Signature depends on key personnel to achieve its business and strategic objectives. We depend on the members of our senior management team, particularly Craig Noell, Kenneth Grossman, Kyle Ross and Thomas Donatelli, to execute our business plan and strategy and to manage our business and day-to-day operations, including identifying, structuring, closing and monitoring the deployment of our capital. These members of our senior management team have critical industry experience and relationships that we rely upon to implement our business plan. If we lose the services of one or more of these individuals we may not be able to operate our business or identify and manage our business as we planned, and our ability to compete could be harmed, both of which could have a material adverse effect on our business, financial condition and results of operations. Although Mr. Grossmans resignation as the Companys president became effective April 30, 2012, he has entered into a contractual arrangement whereby he will continue to provide services to the Company as a consultant for a term of twenty-four months. Mr. Grossman continues to serve as a member of our Board of Directors.
Signature may not be able to successfully fund future acquisitions of new businesses or fund new debt transactions due to the lack of availability of capital at the Company or lack of availability of debt or equity financing at the subsidiary level on acceptable terms, which could impede the implementation of Signatures business strategy and materially adversely impact its financial condition, business and results of operations. We currently have a limited capital base. In order to make future acquisitions of businesses or assets, acquire debt instruments, or fund new loans, we may need to raise capital through debt or equity financing at the Company level, sell the stock or assets of our subsidiary businesses, offer debt or equity to the sellers of target businesses or by undertaking a combination of any of the above. Since the timing and size of prospective transactions cannot be readily predicted, we may need to be able to obtain funding on short notice to benefit fully from attractive opportunities.

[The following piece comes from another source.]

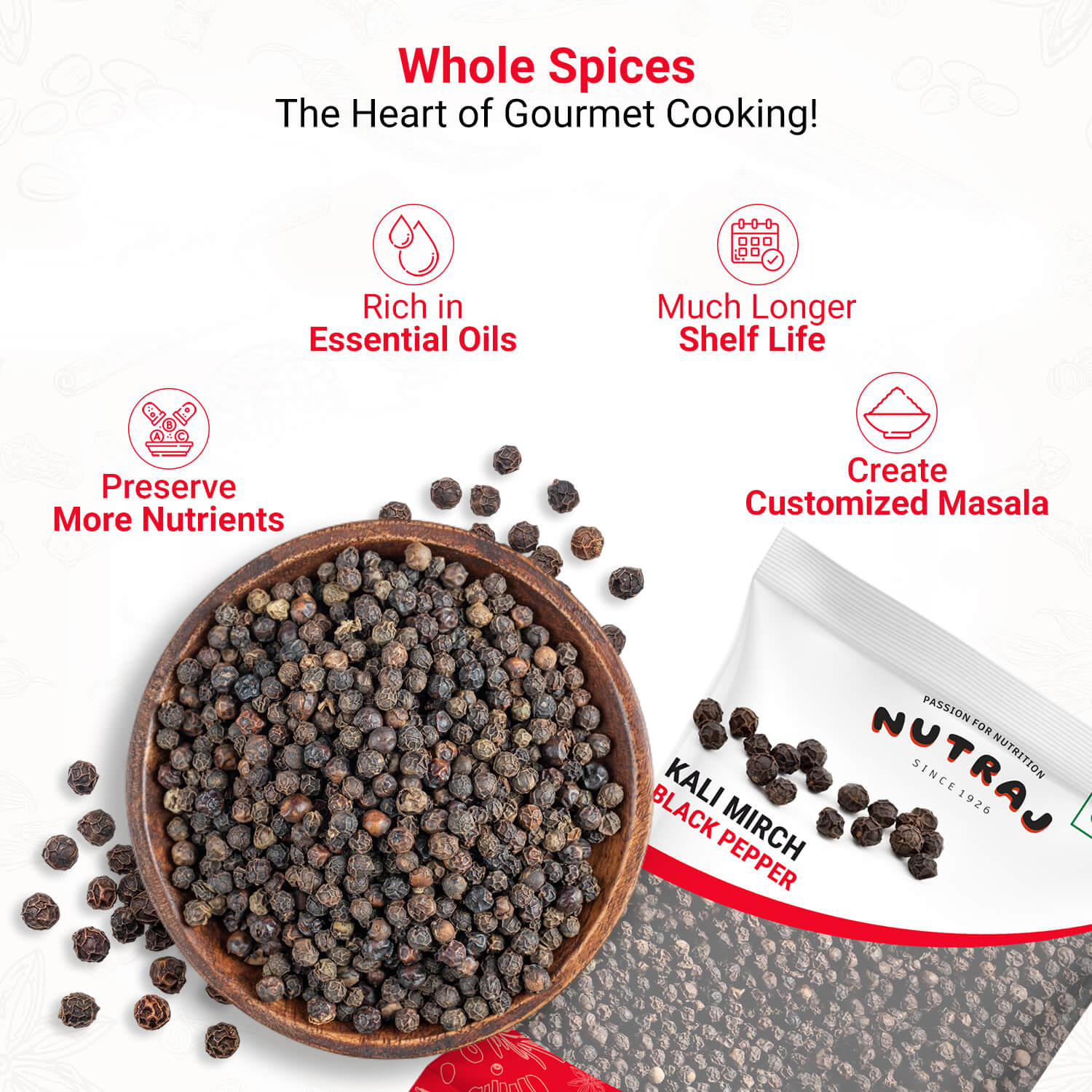 Nutraj Black Pepper (Kali Mirch) 100 gm - Image 4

Such funding may not be available on acceptable terms. In addition, the level of our indebtedness may impact our ability to borrow further at the Company level. Another source of capital for us may be the sale of additional shares of our Common Stock, however our ability to raise capital in this manner is subject to market conditions and investor demand for the shares at prices that we consider to be in the interests of our stockholders. These challenges may materially adversely affect our ability to pursue our business strategy successfully and may materially adversely affect our financial condition, business and results of operations.
Signature is subject to a considerable number of pending legal proceedings which relate to the prior businesses of Fremont and/or FIL. We are subject to a number of lawsuits seeking monetary damages and injunctive relief which relate to Fremont and/or FILs businesses. Additional litigation may be filed against us or disputes may arise in the future concerning matters involving the prior business of Fremont and/or FIL. We have been and intend to continue to vigorously defend ourselves in all legal proceedings we are involved in, however, the outcome of litigation and other legal matters is always uncertain and could materially adversely affect our liquidity, financial condition and results of operations. Furthermore, the costs to defend the Company in these matters may be significant.
Signature may become subject to legal actions in the future that could subject it to substantial liabilities. We may become involved in legal actions from time to time related to our business and operations. These legal actions could involve large monetary claims, significant defense costs, and a substantial amount of time and resources of our management team. As a result, we may be exposed to substantial liabilities, which could adversely affect our business, results of operations and financial condition.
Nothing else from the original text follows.